This devastated region, where a half-million people lived before the Syrian civil war, was the scene of the regime’s chemical weapons attacks in August 2013 that nearly drew American air power into the conflict. Partly as a result of a deal with Vladimir Putin, United Nations inspectors arrived instead, and removed or destroyed most of the government’s poison gas stocks. Since then, the frontier between the state and its opponents has provided profits to both. Such cooperation between enemies surprises those unfamiliar with Syria’s political and economic landscape, although neither side has concealed its recurrent contacts with the other.

The fierce game between the government and its adversaries is not confined to Eastern Ghouta. Wherever the warring sides want peace, there is peace. Where they contest territory, as they did until recently in the eastern quarters of Aleppo, there is war. Where they want profits, they collaborate.
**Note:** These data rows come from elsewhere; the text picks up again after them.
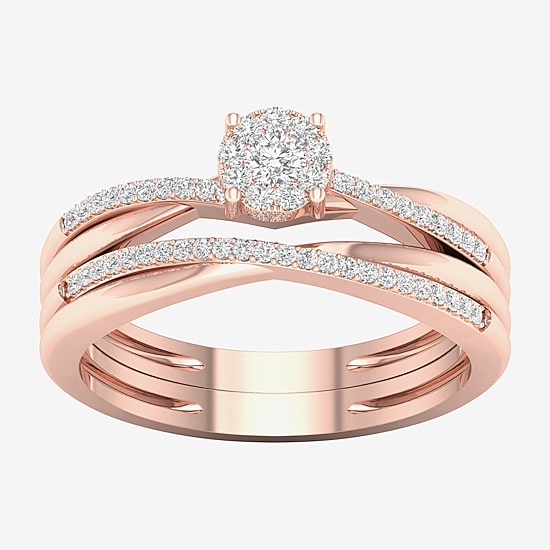 1/4 CT.T.W. Natural Diamond 10K Rose Gold Engagement Ring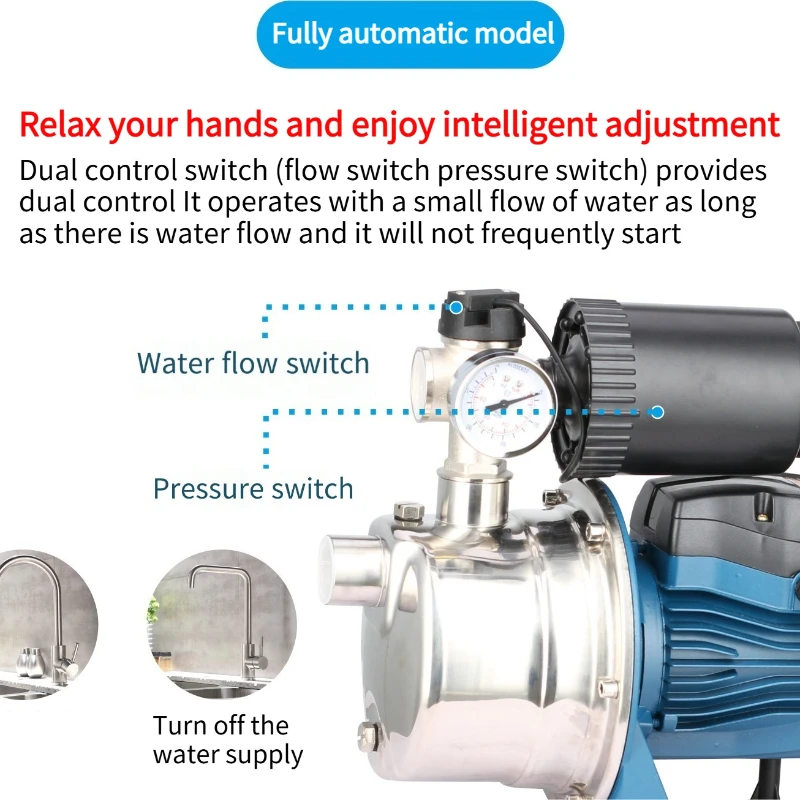 304 Stainless Steel Fully Automatic Intelligent Self-suction Pump Household Small Jet Pump Constant Booster Pressure Boosting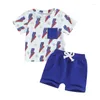 Ensembles de vêtements 4 juillet Toddler Boys Tenifits Flag Baseball Imprimé à manches courtes T-shirts Elastic Shorts 2pcs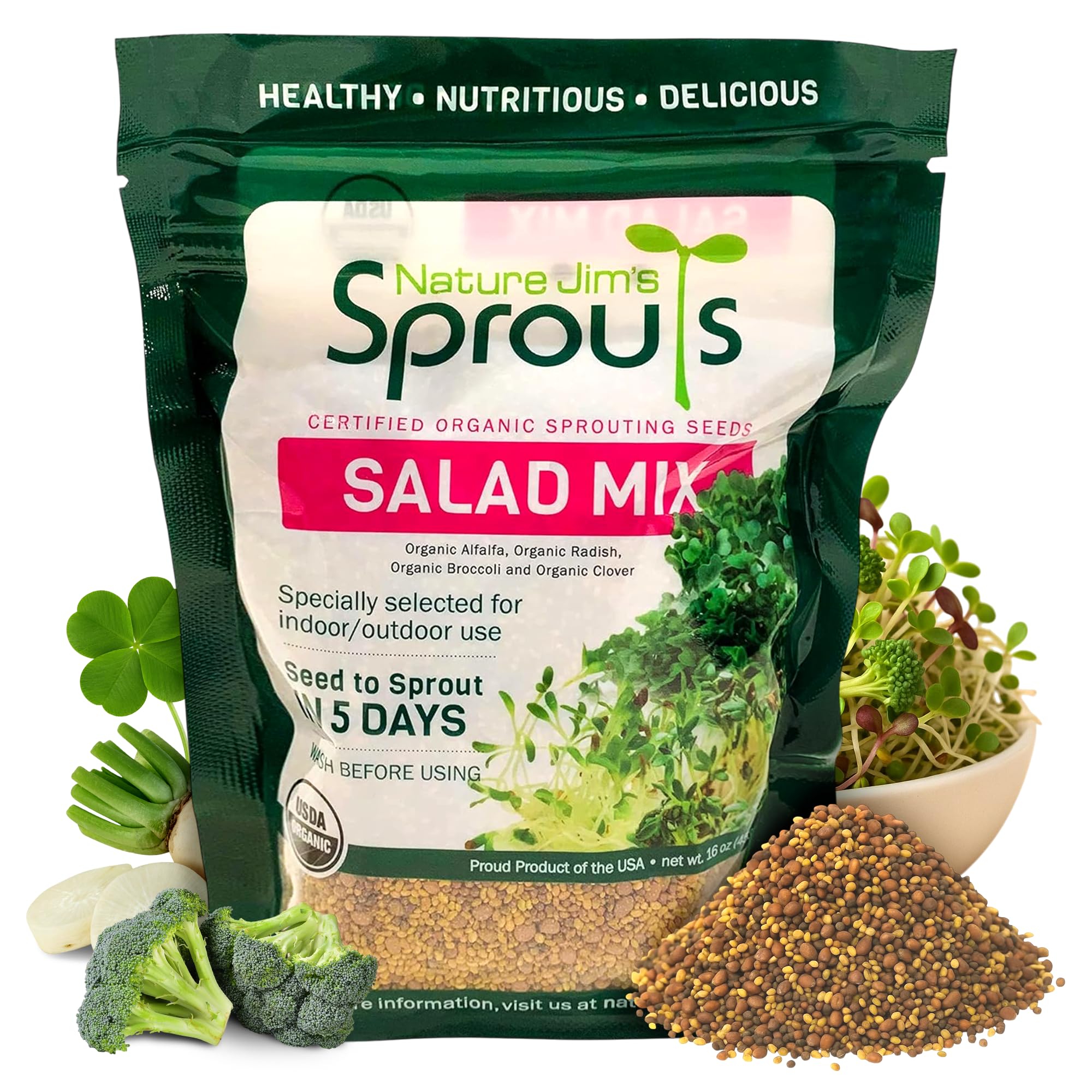 Nature Jims Sprouts Organic Salad Mix – Non-GMO Microgreen Seeds for Growing – Healthy Broccoli, Alfalfa, Radish & Clover Sprouting Variety Blend – Microgreens & Sprouts Seeds for Home Gardening – 1lb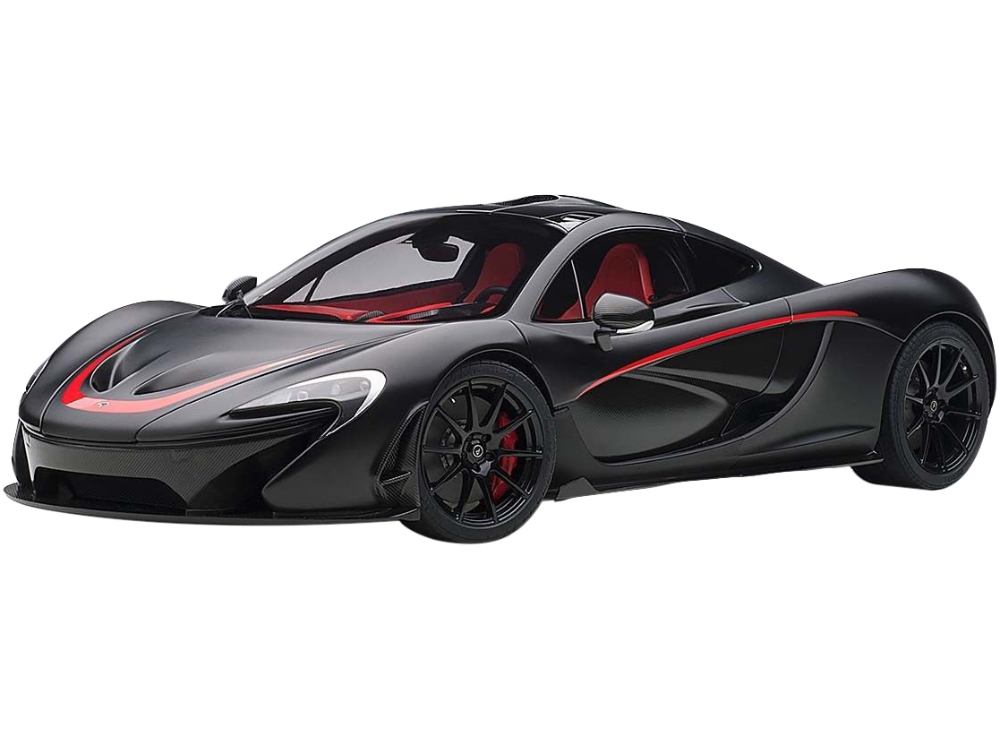 Mclaren P1 Matt Black with Red Accents 1/12 Model Car by Autoart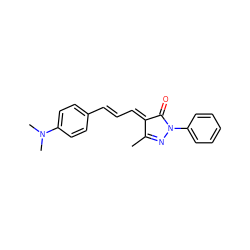 CC1=NN(c2ccccc2)C(=O)/C1=C/C=C/c1ccc(N(C)C)cc1 ZINC000100254521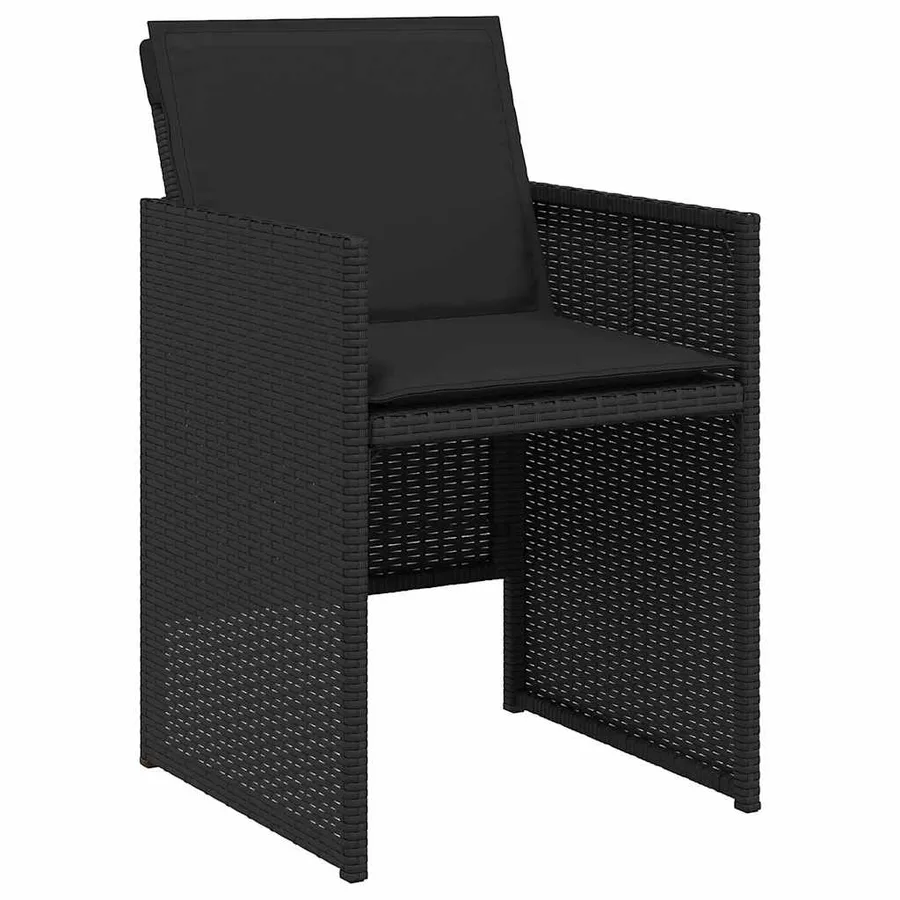 Ensemble de salle à manger pour jardin 9 pcs Noir polyrotin - 6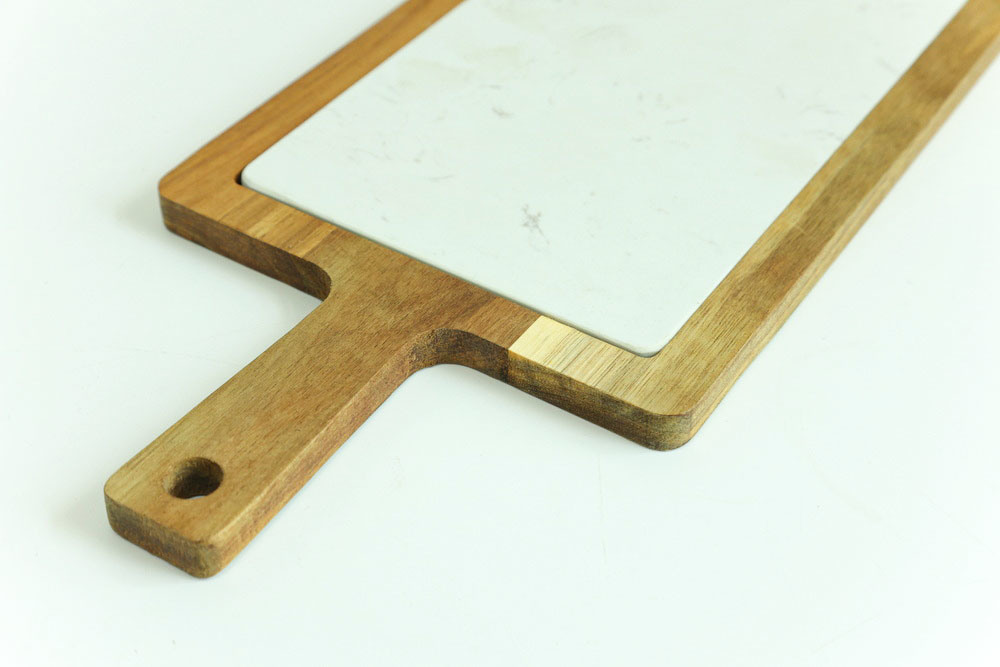 Wooden Marble Serving Tray Serving Board with Removable Marble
Hence, the “million-dollar checkpoint” and lesser checkpoints throughout the country that sustain the business of war. Paltry exactions from beleaguered citizens add up to large fortunes, giving the fighters incentives to mute the conflict in certain areas and marshal their forces elsewhere.

No one denies that the regime is winning the war. It owes its ascendancy as much to its opponents’ disunity and incompetence as to its own effectiveness. Rebel policy, whichever group was involved, was to seize and hold terrain for as long as possible in violation of every tenet of guerrilla warfare. The local people welcomed the rebels in some places and tolerated them in others.

In both cases, opposition fighters failed to shield people from the regime’s sieges and assaults as well as the misbehavior of their own “rogue elements.” Rather than wage a mobile guerrilla war and build a solid coalition within the population, they occupied land they could not hold. This alienated many Syrians whom the rebels could not govern and risked the lives of those they could not defend. The rebels failed to create effective alliances among their more than a thousand armed bands. Their reliance for arms and other support on rival outside powers—Turkey, Saudi Arabia, and Qatar, with the United States, Britain, and France in the wings—left the rebel groups vulnerable to the antagonistic and variable priorities of their sponsors. In sum, the opposition had no more chance against the Syrian regime than the similarly fractured Palestine Liberation Organization had in the 1970s and 1980s against Israel’s superior military and intelligence apparatus.

From the outset, forces loyal to President Assad held the main population centers, notably central Damascus, most of Aleppo, and the coastal cities of Tartous and Latakia. During the past year, the government, with Russian and Iranian assistance, recovered pieces of lost territory. While the battle for eastern Aleppo raged last autumn, parts of suburban Damascus were coming back under Assad’s control—discussions with the rebels were followed by capitulation.